* RECORDED INFORMATION *
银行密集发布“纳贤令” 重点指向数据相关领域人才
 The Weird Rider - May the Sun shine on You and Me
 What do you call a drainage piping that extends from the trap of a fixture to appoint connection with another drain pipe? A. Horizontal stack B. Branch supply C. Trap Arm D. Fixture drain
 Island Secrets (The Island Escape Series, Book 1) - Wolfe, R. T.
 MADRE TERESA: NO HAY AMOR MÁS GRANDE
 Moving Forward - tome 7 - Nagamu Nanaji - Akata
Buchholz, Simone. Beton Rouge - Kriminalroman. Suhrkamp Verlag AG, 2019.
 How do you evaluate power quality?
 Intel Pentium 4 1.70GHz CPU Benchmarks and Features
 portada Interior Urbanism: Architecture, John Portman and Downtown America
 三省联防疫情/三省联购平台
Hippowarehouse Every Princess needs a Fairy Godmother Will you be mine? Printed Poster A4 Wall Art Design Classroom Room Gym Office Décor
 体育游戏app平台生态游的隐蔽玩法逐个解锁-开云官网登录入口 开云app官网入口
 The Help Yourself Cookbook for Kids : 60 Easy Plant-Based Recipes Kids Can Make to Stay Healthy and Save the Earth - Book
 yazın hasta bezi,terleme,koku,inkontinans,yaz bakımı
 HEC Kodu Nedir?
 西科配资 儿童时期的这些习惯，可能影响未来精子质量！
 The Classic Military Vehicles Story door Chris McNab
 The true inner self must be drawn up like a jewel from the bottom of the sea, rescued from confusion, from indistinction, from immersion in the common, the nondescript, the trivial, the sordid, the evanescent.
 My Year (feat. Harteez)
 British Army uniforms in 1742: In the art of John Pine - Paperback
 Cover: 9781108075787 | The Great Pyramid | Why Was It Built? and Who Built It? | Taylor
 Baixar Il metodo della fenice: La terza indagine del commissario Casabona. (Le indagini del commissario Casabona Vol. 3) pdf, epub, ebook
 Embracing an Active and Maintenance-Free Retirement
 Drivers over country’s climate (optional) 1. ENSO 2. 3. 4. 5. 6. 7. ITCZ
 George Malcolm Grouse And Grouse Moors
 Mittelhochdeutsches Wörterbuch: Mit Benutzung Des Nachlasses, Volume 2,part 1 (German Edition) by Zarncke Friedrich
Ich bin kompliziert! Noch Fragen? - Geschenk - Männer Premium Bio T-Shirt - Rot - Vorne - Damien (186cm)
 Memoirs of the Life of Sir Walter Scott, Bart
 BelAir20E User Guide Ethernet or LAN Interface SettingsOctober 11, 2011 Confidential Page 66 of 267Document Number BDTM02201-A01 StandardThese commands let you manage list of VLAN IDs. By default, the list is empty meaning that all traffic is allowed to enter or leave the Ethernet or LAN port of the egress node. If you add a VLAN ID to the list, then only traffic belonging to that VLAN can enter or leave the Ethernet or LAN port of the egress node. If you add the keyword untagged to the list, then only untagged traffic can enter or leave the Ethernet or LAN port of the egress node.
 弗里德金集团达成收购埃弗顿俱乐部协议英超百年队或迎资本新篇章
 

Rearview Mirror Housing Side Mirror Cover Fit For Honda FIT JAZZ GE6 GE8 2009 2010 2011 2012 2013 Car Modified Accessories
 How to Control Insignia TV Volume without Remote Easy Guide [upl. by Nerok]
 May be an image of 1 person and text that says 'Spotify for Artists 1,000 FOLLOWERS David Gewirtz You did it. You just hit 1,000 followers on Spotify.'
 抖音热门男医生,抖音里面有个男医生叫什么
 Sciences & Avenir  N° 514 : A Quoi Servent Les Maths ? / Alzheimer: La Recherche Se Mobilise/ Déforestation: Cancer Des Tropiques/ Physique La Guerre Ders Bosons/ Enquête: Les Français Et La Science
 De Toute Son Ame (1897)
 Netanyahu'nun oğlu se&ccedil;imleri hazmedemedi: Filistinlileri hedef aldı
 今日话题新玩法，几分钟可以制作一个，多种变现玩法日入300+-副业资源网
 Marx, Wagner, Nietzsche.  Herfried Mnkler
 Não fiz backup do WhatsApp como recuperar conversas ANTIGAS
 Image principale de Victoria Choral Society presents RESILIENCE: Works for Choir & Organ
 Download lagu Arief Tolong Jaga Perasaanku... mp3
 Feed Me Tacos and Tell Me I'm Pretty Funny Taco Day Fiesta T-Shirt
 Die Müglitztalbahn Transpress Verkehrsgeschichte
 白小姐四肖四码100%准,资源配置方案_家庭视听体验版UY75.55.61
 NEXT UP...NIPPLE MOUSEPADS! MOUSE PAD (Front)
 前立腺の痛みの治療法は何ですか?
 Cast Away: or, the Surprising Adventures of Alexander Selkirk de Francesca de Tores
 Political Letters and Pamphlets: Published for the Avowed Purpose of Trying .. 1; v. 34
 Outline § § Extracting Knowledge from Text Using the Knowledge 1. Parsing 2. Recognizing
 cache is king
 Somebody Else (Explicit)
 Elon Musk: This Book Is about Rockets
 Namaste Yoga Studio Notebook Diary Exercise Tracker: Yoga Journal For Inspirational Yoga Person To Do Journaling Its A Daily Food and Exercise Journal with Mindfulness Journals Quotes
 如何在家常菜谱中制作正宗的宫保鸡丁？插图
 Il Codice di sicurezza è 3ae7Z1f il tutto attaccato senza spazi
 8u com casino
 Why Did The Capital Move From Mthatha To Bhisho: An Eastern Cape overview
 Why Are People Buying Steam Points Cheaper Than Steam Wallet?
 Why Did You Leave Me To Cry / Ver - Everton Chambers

* WHAT NEEDS TO BE DONE *
The requested lines run from the one with "如何在家常菜谱中制作正宗的宫保鸡丁？插图" through the last line of the records. Return them exactly.

* ANSWER SECTION *
 如何在家常菜谱中制作正宗的宫保鸡丁？插图
 Il Codice di sicurezza è 3ae7Z1f il tutto attaccato senza spazi
 8u com casino
 Why Did The Capital Move From Mthatha To Bhisho: An Eastern Cape overview
 Why Are People Buying Steam Points Cheaper Than Steam Wallet?
 Why Did You Leave Me To Cry / Ver - Everton Chambers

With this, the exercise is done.